### Instructions to follow
The answer should hold only the lines from the one containing "Yin en Yang" through the one containing "2 adet Fırfırlı Keten Supla - Görsel 4" in the entries below, copied exactly, without pictures.

-------- Entries provided --------

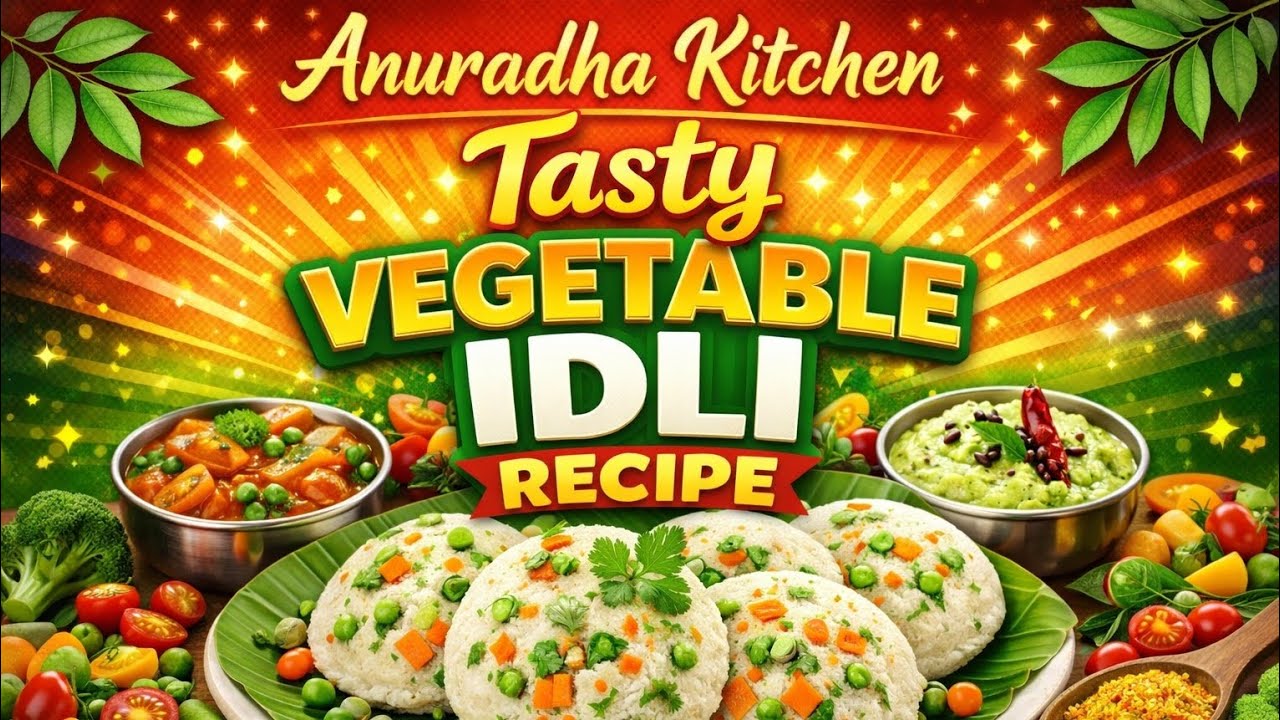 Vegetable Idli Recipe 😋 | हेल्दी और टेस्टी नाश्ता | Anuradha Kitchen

--------
-------- Entries provided --------

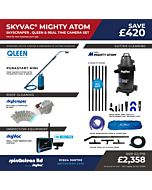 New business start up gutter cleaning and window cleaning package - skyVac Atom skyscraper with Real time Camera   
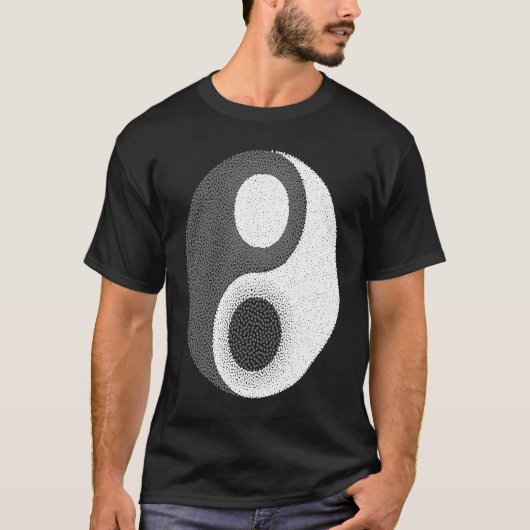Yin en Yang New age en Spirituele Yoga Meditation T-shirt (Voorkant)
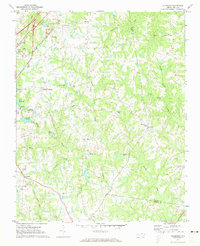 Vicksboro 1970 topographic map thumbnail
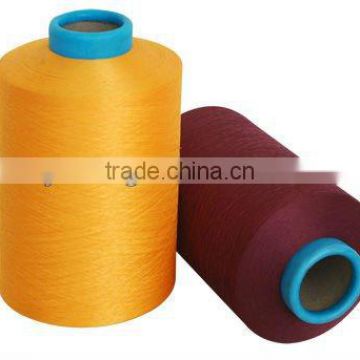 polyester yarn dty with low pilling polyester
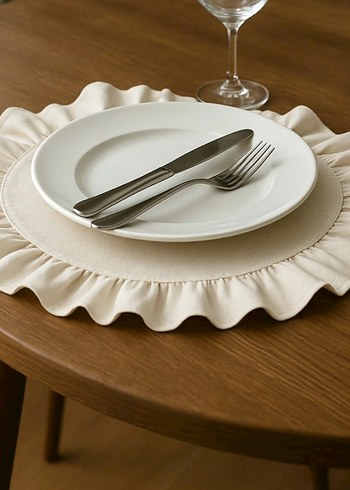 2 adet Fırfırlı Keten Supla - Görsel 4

--------
-------- Entries provided --------

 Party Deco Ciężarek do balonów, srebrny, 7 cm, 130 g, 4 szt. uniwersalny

--------

### Your solution
Yin en Yang New age en Spirituele Yoga Meditation T-shirt (Voorkant)
 Vicksboro 1970 topographic map thumbnail
 polyester yarn dty with low pilling polyester
 2 adet Fırfırlı Keten Supla - Görsel 4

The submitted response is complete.